Since 2008, Baltimore City Community College (BCCC), through its partnership with the local chapter of the League of Women Voters, has registered more than 2,500 voters (and counting) through on-campus voter registration drives held during the school year.
With the onset of the 2016 presidential and mayoral elections, the BCCC is busy ramping up its effort to register more student voters and familiarize them with the new process for casting ballots on Election Day.
BCCC hosted a voter registration drive on February 2, 2016, which gave students and others an opportunity to test out Maryland’s newly revamped voting system, presently being converted from touch-screen equipment to machines that produce verifiable paper records. The event was held in conjunction with the Baltimore City Board of Elections.

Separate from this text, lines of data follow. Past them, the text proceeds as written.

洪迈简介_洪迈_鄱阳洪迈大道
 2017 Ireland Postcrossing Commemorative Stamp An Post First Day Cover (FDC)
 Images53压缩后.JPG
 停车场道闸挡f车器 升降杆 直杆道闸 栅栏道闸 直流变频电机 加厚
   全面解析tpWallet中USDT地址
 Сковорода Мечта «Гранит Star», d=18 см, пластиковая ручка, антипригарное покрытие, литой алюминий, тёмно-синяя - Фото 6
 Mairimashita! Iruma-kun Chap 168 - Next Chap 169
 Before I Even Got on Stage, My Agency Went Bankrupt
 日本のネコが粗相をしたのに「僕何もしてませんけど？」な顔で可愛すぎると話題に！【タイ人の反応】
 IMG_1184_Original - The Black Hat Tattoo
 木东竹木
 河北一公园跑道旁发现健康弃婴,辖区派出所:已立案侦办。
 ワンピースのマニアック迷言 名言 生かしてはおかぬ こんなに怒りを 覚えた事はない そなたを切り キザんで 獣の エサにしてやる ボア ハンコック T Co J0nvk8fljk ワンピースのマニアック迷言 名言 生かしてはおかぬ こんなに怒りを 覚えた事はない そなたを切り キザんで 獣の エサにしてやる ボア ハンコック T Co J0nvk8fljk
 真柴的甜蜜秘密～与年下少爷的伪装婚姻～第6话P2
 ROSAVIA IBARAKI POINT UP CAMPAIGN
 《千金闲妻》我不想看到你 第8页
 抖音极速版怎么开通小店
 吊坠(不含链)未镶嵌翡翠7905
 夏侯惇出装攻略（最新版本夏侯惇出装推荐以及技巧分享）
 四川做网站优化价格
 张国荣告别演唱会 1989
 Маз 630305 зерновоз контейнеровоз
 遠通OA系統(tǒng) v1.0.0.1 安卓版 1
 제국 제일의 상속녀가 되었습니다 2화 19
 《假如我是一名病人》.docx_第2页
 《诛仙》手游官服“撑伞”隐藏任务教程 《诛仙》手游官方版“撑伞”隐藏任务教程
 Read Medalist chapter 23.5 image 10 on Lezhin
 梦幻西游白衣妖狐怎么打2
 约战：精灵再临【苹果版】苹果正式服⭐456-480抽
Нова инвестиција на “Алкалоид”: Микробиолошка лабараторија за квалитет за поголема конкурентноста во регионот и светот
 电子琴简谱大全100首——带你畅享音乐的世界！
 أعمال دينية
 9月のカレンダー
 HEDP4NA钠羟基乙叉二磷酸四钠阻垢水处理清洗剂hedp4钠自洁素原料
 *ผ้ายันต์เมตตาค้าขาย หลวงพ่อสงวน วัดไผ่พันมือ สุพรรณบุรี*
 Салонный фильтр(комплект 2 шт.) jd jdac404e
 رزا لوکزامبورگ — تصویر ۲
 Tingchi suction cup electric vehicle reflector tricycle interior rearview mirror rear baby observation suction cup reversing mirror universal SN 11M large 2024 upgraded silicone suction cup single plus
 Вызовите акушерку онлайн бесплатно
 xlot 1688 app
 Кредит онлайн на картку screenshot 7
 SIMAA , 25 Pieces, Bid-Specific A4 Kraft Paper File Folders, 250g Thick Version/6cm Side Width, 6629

“It’s very different, more than I was expecting,” Kelvin Howard, 20, one of a number of BCCC student-athletes who visited voter information tables in the Student Atrium, said of the new voting equipment. “I thought it was going to be a simple pen-and-paper-and-scanning process. It’s something new and modern. It’s really cool.”
During early voting, according to the State Board of Elections website, all voters will use a ballot marking device similar to the touch screen machines Marylanders have used in recent years. The device prints voters’ selections onto a paper ballot card. Voters will then review their ballots and insert them into a tabulation device. The ballots will automatically drop into a secure ballot box. Come Election Day, voters will have multiple options to choose from. Some voters, including those with disabilities, will use ballot- marking devices to mark and print their ballots; others will mark pre-printed paper ballots by hand.
“The new system does give people the reassurance of having a paper copy of their votes,” said Lois Hybl, a League volunteer. “It is a learning process, but the Board of Elections has been doing a good job of showing how it works.”
The new voting machine demonstation at BCCC was one of eight planned by the Baltimore City Board of Elections. The effort presented a perfect opportunity for the College to recruit more young voters.
The College and the League will hold another voter registration drive at the Liberty campus in March.